What you will do: When you reach the line that contains "Block 5 in Oceanside, CA" in the data below, copy it and every line after it exactly, adding nothing.

Task material:
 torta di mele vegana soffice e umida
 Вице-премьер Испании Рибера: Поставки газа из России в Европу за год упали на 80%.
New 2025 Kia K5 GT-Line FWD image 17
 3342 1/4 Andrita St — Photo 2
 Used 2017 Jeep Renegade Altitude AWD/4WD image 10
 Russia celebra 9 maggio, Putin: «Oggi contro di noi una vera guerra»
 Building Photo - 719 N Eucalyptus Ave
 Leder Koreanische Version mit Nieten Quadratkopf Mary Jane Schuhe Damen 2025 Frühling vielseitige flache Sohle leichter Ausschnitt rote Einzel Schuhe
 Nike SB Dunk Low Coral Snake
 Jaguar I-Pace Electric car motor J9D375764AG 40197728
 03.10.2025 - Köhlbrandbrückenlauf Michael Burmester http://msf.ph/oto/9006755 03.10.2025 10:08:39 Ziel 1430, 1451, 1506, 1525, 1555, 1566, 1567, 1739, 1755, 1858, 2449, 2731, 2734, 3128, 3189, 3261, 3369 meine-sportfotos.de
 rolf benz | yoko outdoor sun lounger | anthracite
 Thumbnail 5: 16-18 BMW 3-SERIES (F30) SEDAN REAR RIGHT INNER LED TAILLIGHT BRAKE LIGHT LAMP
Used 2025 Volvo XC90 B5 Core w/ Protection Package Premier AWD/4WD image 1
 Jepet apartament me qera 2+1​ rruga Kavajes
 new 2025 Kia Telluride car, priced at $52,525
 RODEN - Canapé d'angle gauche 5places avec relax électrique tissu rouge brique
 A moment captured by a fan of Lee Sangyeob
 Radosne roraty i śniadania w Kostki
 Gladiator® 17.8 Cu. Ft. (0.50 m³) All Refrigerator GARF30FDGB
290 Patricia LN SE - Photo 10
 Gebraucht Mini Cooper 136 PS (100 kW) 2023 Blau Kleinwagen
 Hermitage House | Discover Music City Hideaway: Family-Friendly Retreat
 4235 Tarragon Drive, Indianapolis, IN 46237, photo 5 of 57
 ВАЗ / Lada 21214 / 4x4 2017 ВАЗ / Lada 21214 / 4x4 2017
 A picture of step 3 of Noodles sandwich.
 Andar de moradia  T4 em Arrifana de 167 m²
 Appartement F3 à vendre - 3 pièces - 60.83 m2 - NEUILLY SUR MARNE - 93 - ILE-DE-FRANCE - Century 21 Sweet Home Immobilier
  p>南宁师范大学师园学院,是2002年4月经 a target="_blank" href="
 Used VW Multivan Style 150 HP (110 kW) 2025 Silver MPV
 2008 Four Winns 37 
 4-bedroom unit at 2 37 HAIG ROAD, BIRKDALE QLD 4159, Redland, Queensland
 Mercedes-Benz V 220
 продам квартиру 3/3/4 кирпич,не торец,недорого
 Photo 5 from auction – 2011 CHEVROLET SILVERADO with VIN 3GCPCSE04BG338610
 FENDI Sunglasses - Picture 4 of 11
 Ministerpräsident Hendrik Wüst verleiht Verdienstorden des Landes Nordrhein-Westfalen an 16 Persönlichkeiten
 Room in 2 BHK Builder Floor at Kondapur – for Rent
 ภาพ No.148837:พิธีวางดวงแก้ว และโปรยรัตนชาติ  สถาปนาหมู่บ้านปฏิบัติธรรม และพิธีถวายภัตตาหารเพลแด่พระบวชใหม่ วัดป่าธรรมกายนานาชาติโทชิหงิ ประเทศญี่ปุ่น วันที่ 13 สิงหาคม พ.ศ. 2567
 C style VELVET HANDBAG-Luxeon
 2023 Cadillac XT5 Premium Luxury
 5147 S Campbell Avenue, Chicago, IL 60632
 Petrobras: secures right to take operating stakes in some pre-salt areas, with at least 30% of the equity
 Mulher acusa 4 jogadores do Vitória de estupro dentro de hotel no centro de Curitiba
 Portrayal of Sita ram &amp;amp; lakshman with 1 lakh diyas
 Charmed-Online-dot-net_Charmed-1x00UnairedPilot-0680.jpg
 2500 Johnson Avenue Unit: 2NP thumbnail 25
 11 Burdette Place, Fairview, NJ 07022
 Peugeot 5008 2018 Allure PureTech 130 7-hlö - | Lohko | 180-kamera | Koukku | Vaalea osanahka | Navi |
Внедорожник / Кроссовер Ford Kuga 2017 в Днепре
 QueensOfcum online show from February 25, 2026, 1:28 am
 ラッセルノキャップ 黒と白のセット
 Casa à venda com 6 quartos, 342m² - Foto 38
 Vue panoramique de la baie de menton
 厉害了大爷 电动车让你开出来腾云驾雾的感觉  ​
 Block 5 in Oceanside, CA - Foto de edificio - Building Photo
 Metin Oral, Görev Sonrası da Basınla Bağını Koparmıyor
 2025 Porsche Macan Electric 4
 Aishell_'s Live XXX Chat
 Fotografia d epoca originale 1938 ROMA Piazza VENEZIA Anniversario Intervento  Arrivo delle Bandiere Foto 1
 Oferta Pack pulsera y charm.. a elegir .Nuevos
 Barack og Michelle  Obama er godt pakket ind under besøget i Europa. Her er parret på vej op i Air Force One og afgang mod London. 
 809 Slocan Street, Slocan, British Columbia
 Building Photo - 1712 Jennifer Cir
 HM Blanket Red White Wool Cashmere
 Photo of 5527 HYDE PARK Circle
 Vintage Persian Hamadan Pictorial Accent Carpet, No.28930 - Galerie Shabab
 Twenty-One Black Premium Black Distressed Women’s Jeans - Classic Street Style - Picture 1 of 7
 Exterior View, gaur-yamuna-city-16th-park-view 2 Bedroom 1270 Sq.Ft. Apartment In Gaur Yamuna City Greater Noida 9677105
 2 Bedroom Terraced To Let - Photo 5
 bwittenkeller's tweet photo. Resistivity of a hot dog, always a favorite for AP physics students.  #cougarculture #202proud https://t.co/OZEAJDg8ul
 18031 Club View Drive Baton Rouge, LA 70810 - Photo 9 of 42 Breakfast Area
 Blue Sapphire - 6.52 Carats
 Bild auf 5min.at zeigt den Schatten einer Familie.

The answer:
 Block 5 in Oceanside, CA - Foto de edificio - Building Photo
 Metin Oral, Görev Sonrası da Basınla Bağını Koparmıyor
 2025 Porsche Macan Electric 4
 Aishell_'s Live XXX Chat
 Fotografia d epoca originale 1938 ROMA Piazza VENEZIA Anniversario Intervento  Arrivo delle Bandiere Foto 1
 Oferta Pack pulsera y charm.. a elegir .Nuevos
 Barack og Michelle  Obama er godt pakket ind under besøget i Europa. Her er parret på vej op i Air Force One og afgang mod London. 
 809 Slocan Street, Slocan, British Columbia
 Building Photo - 1712 Jennifer Cir
 HM Blanket Red White Wool Cashmere
 Photo of 5527 HYDE PARK Circle
 Vintage Persian Hamadan Pictorial Accent Carpet, No.28930 - Galerie Shabab
 Twenty-One Black Premium Black Distressed Women’s Jeans - Classic Street Style - Picture 1 of 7
 Exterior View, gaur-yamuna-city-16th-park-view 2 Bedroom 1270 Sq.Ft. Apartment In Gaur Yamuna City Greater Noida 9677105
 2 Bedroom Terraced To Let - Photo 5
 bwittenkeller's tweet photo. Resistivity of a hot dog, always a favorite for AP physics students.  #cougarculture #202proud https://t.co/OZEAJDg8ul
 18031 Club View Drive Baton Rouge, LA 70810 - Photo 9 of 42 Breakfast Area
 Blue Sapphire - 6.52 Carats
 Bild auf 5min.at zeigt den Schatten einer Familie.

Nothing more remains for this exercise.